◆ **PROBLEM TO SOLVE**: Pictures aside, return all of the records exactly as they stand.

•••••

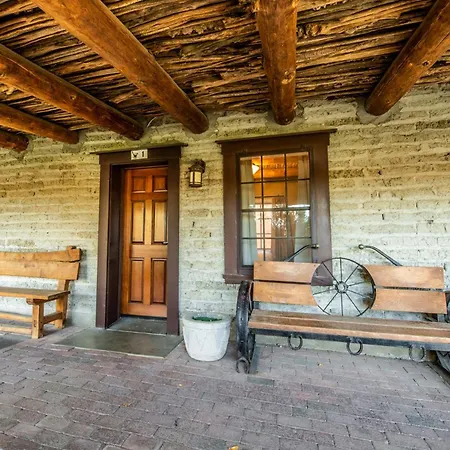 Tanque Verde Guest Ranch-2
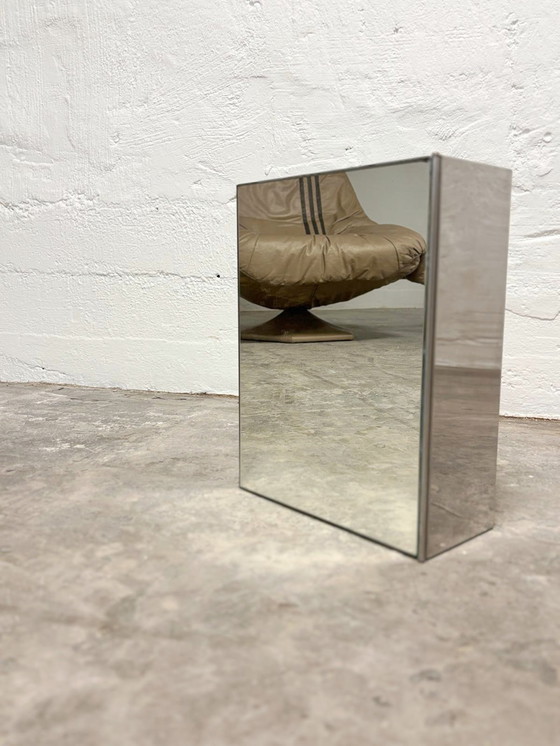 Image 1 of Medizinschrank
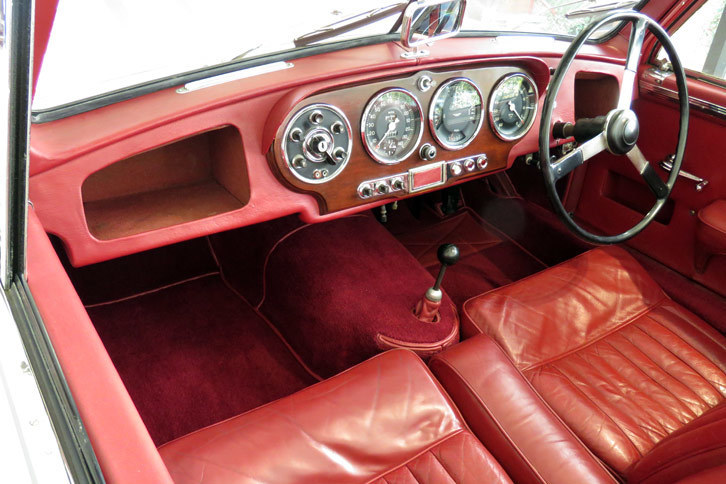 アストンマーティンDB2 DHC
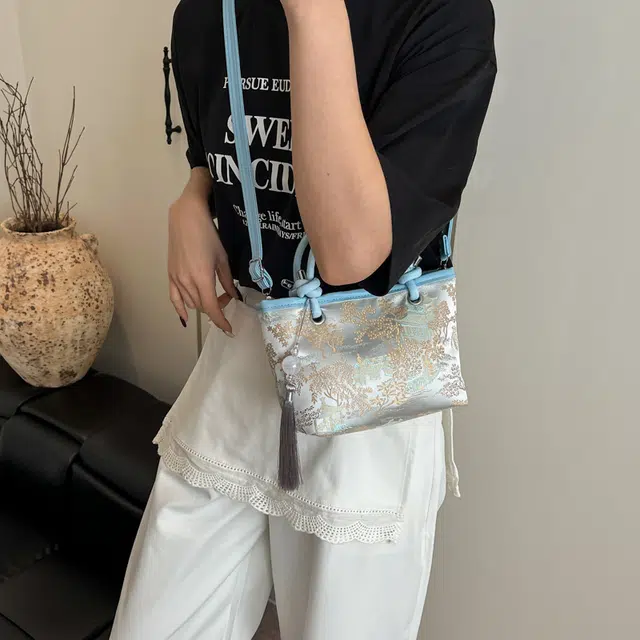 TOUTSEUL YOLO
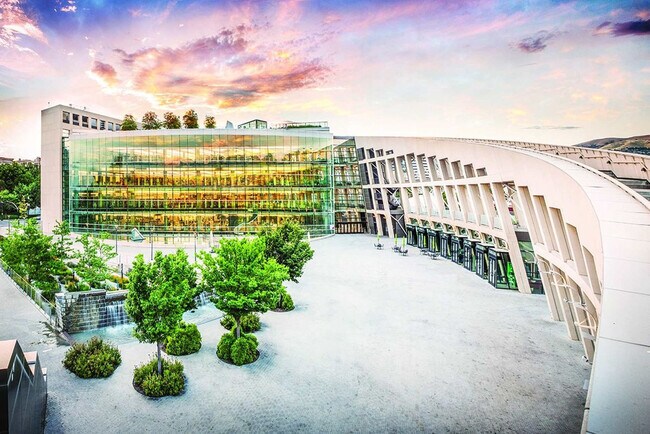 Building Photo - 385 S 400 E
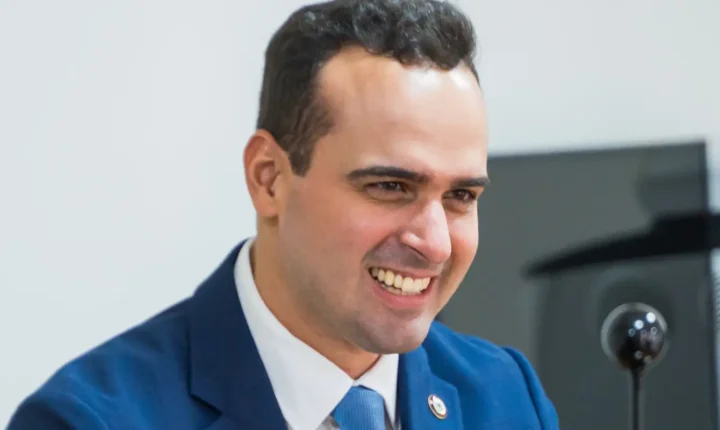 Lucas Ribeiro é reeleito governador da Paraíba no primeiro turno das eleições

•••••

◆ **ANSWER BELOW**:
 Tanque Verde Guest Ranch-2
 Image 1 of Medizinschrank
 アストンマーティンDB2 DHC
 TOUTSEUL YOLO
 Building Photo - 385 S 400 E
 Lucas Ribeiro é reeleito governador da Paraíba no primeiro turno das eleições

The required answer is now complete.